---------- Data provided

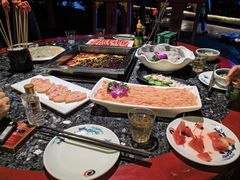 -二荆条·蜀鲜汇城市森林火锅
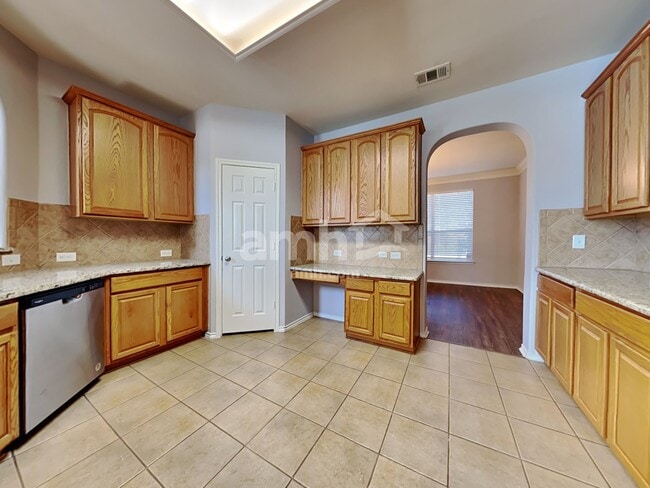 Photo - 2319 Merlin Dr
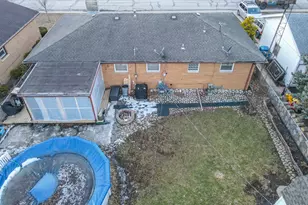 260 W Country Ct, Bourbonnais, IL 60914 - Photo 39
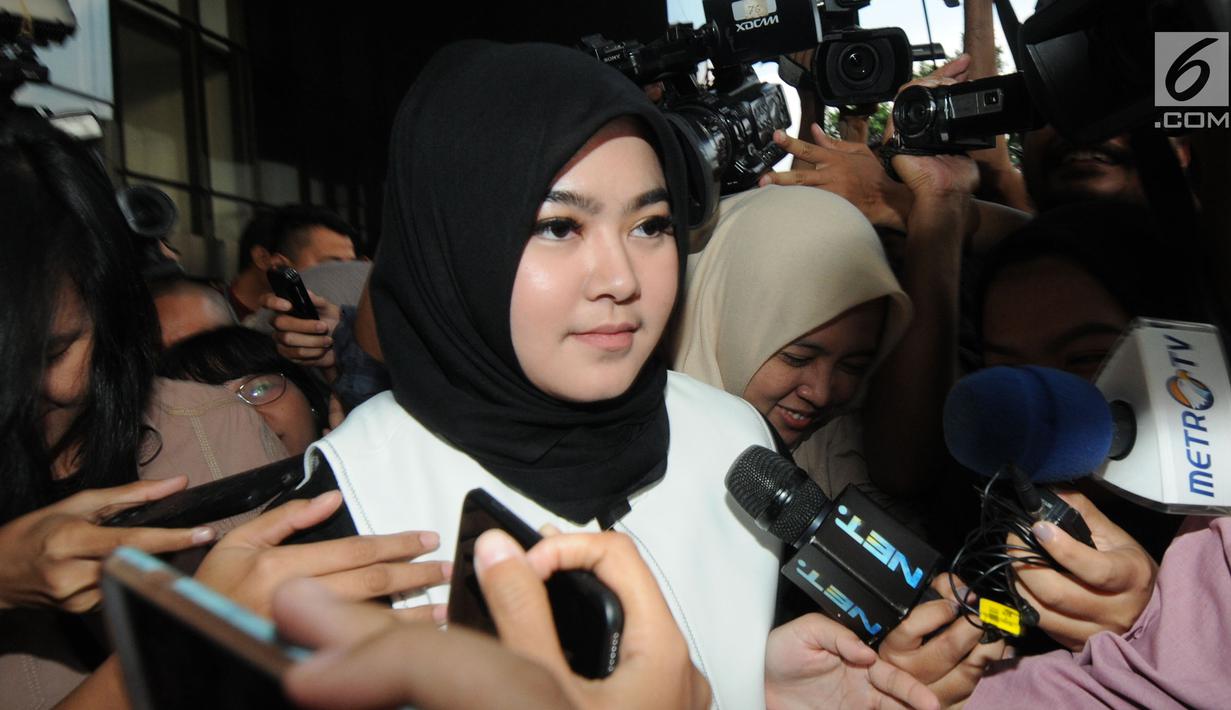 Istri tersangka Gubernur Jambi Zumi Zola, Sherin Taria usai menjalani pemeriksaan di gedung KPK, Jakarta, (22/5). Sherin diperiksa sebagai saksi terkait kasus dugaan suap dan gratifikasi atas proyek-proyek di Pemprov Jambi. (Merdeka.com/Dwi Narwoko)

--------------------
---------- Data provided

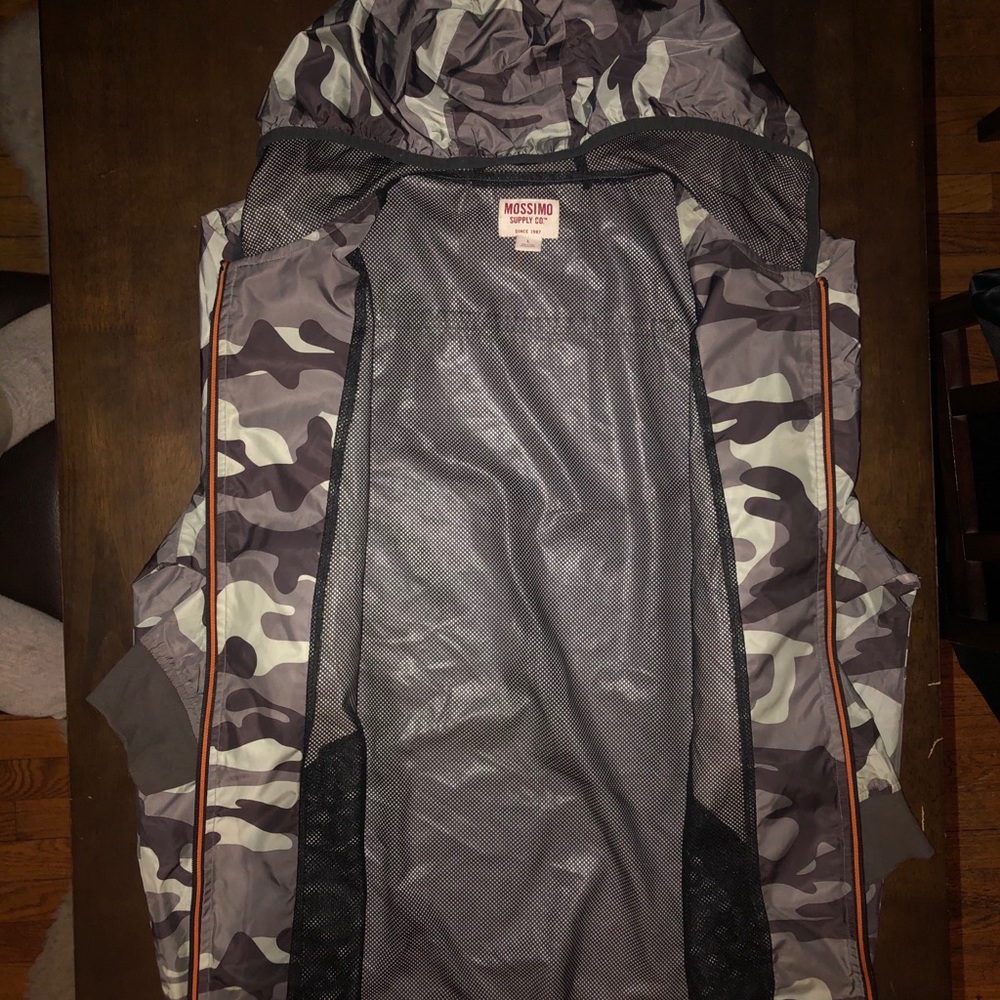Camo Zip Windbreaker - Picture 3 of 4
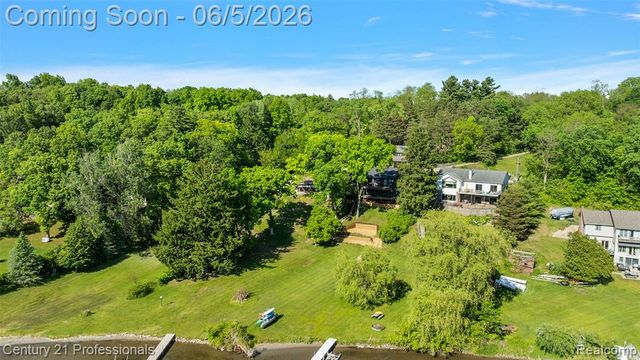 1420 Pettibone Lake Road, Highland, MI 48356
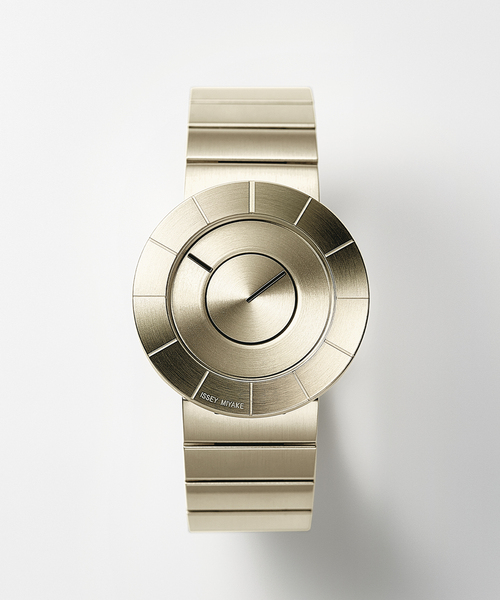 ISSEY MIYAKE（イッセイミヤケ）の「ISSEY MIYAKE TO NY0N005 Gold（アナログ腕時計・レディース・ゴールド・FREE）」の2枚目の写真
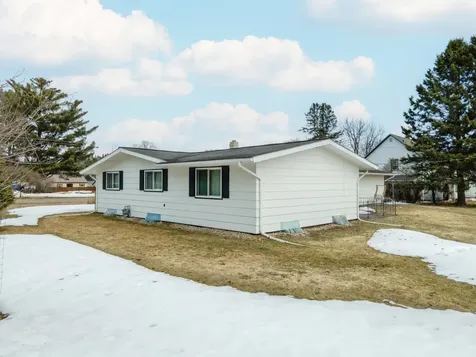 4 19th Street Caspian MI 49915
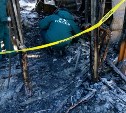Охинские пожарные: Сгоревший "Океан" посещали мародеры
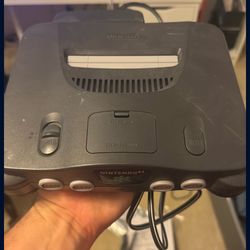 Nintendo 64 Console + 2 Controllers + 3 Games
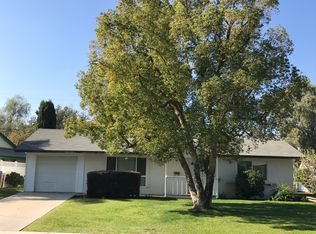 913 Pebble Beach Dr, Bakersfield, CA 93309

--------------------

**What to work on:** Give back exactly the lines of the listing above from the one that contains "-二荆条·蜀鲜汇城市森林火锅" up to and including the one that contains "Istri tersangka Gubernur", but not the pictures, and no other lines.

**Reply to the task:**
 -二荆条·蜀鲜汇城市森林火锅
 Photo - 2319 Merlin Dr
 260 W Country Ct, Bourbonnais, IL 60914 - Photo 39
 Istri tersangka Gubernur Jambi Zumi Zola, Sherin Taria usai menjalani pemeriksaan di gedung KPK, Jakarta, (22/5). Sherin diperiksa sebagai saksi terkait kasus dugaan suap dan gratifikasi atas proyek-proyek di Pemprov Jambi. (Merdeka.com/Dwi Narwoko)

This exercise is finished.